Inhibition of NFkappaB in cutaneous T-cell lymphoma HUT-78 cells by nuclear translocation of IkappaBalpha induced by proteasome inhibitors

MG132 and bortezomib are proteasome inhibitors known to suppress the proteasome-mediated degradation of proteins. In this study, I have shown that proteasome inhibition leads to nuclear translocation and accumulation of IkappaBalpha which in-turn leads to specific inhibition of NFkappaB DNA binding activity and induction of apoptosis in cutaneous T-cell lymphoma HuT-78 cells. In addition, I have demonstrated that the proteasome inhibition induced nuclear IkappaBalpha leads to transcriptional inhibition of NFkappaB-regulated anti-apoptotic genes cIAP1 and cIAP2, but not Bc1-2. IkappaBalpha is predominantly localized in the cytoplasm, while NFkappaB proteins are mainly present in the nucleus of untreated Hut-78 cells.
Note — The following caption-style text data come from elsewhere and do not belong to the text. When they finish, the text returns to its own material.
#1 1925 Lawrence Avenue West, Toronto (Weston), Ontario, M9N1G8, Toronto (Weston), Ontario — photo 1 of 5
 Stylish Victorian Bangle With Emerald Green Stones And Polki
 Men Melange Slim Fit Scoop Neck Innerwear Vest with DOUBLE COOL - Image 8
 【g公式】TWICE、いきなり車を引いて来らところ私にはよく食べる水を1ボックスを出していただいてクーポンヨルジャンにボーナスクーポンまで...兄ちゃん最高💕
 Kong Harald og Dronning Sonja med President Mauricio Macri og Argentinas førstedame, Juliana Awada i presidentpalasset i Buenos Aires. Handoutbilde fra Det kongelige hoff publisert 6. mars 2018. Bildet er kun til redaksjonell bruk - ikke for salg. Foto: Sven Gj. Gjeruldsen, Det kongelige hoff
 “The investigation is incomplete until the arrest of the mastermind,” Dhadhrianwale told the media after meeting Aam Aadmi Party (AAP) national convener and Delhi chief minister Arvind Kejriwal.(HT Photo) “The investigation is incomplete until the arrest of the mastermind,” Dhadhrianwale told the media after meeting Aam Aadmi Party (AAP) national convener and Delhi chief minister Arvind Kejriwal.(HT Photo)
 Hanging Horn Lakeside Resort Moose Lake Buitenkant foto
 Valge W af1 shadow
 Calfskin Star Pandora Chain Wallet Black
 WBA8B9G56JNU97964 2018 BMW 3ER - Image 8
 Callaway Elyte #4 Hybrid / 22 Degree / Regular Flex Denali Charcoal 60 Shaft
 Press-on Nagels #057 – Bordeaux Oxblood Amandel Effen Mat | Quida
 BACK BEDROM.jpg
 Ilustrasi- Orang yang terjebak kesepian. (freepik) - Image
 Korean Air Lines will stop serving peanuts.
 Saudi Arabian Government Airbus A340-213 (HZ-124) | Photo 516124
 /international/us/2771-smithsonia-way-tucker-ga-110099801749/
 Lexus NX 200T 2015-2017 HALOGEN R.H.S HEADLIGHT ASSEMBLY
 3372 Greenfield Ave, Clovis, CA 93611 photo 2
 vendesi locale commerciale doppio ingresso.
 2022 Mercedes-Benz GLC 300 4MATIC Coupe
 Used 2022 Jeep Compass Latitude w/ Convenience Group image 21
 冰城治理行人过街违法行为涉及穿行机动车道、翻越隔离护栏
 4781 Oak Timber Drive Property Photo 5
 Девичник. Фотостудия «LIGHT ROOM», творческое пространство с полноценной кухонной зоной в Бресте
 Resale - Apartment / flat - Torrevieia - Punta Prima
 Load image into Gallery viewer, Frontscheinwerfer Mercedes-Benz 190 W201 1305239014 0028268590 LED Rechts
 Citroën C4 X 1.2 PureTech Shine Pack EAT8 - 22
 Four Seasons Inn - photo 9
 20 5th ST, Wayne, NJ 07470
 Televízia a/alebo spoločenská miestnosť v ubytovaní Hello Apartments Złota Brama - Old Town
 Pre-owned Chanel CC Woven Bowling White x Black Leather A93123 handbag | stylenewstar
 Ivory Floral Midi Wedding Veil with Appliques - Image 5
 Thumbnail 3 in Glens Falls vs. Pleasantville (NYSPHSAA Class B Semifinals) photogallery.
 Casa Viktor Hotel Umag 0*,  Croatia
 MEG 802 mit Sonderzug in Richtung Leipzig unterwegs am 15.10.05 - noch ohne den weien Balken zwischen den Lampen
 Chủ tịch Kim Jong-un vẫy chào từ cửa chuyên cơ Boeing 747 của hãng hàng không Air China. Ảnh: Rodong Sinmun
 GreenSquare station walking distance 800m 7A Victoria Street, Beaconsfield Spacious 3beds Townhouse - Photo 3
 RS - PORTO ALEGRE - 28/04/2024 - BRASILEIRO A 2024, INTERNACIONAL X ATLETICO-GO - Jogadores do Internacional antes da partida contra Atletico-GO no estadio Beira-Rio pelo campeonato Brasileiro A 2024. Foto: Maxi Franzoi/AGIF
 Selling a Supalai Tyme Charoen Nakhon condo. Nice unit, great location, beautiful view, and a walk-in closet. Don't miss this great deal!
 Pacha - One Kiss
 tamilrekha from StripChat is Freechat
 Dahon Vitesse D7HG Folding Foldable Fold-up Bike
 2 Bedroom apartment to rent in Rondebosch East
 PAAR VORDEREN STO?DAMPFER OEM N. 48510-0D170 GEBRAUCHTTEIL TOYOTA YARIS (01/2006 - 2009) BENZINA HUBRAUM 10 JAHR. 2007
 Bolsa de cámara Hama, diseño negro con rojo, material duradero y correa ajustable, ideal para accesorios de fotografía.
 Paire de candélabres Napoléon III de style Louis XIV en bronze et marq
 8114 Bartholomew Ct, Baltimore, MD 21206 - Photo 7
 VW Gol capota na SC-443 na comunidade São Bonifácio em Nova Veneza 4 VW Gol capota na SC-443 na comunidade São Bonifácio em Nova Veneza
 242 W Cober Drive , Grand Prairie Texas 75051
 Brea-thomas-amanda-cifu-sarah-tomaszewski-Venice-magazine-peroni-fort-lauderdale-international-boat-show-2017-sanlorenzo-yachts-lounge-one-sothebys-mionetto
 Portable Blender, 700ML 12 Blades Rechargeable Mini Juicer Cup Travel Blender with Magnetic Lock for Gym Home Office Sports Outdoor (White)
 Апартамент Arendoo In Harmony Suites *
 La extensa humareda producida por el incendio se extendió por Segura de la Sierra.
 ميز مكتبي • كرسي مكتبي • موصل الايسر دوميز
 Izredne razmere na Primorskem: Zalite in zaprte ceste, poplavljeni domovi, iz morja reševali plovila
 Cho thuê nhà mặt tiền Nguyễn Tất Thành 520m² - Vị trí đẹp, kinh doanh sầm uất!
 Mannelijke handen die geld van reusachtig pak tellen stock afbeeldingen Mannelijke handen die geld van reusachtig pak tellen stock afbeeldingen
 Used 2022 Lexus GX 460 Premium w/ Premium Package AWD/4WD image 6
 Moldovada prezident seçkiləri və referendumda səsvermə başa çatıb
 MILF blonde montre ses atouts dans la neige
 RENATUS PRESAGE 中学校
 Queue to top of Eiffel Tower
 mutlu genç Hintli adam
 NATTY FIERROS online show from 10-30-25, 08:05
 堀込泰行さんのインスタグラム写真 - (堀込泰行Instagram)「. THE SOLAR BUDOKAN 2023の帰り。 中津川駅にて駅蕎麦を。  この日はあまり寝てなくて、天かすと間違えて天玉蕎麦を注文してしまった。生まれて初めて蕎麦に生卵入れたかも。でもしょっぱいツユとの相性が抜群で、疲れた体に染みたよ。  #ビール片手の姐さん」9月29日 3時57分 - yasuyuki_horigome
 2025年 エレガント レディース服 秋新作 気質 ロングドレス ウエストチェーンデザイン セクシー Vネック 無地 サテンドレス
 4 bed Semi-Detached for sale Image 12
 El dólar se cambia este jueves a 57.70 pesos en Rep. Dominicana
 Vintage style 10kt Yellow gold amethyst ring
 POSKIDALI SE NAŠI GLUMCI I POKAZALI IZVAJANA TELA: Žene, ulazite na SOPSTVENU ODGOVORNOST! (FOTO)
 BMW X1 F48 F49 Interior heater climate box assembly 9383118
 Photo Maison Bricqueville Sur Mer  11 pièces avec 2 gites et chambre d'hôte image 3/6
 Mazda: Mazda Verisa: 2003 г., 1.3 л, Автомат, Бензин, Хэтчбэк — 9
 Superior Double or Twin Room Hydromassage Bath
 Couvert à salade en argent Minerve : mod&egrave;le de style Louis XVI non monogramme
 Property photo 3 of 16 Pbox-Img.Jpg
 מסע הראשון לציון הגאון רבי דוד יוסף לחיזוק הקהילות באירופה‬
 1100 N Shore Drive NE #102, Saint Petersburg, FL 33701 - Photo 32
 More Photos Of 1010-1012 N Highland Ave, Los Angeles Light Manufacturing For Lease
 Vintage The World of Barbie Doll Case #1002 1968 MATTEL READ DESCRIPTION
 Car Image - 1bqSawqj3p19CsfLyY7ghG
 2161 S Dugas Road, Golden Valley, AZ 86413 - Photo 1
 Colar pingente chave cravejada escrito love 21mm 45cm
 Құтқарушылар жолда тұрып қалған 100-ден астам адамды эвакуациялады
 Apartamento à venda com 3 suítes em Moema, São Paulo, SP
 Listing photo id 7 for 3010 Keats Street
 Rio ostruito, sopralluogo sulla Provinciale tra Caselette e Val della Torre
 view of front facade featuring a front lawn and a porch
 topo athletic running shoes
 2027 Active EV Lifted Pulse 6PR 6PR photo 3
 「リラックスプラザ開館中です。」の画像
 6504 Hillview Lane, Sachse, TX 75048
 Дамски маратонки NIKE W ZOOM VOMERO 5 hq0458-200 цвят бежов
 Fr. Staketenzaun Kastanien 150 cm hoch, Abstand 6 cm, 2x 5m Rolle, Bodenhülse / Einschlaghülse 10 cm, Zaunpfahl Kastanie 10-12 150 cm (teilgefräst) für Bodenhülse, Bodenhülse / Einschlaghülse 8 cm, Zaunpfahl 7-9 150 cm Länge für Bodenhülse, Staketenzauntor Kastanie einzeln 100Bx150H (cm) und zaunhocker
MG132 and bortezomib are potent, selective and reversible proteasome inhibitors that have been shown to suppress degradation of proteins by inhibiting the 26S proteasome complex. Nuclear IkappaBalpha results in the inhibition of NFkappaB DNA binding activity in vitro , and prevents NFkappaB p65 and NFkappaB p50 recruitment to its regulated anti-apoptotic cIAPI and cIAP2 promoters in vivo, thus inducing apoptosis. Interestingly, NFkappaB p65 is not recruited to Bcl-2 promoter in Hut-78 cells, in contrast to NFkappaB p50. Although IkappaBalpha translocates to the nucleus in a dose and time dependent manner upon proteasome inhibition, the total cellular levels of IkappaBalpha remained constant in Hut-78 cells. Moreover, I have shown that this nuclear translocation of IkappaBalpha is irreversible in cutaneous T-cell lymphoma Hut-78 cells. Nuclear IkappaBalpha binds to NFkappaB p65 and dissociates it from the promoters of cIAP1 and cIAP2, thus inhibiting transcription of NFkappaB-dependent anti-apoptotic genes. This new mechanism could provide a valuable insight into developing novel therapies for cancer and leukemia characterized by high levels of NFkappaB activity.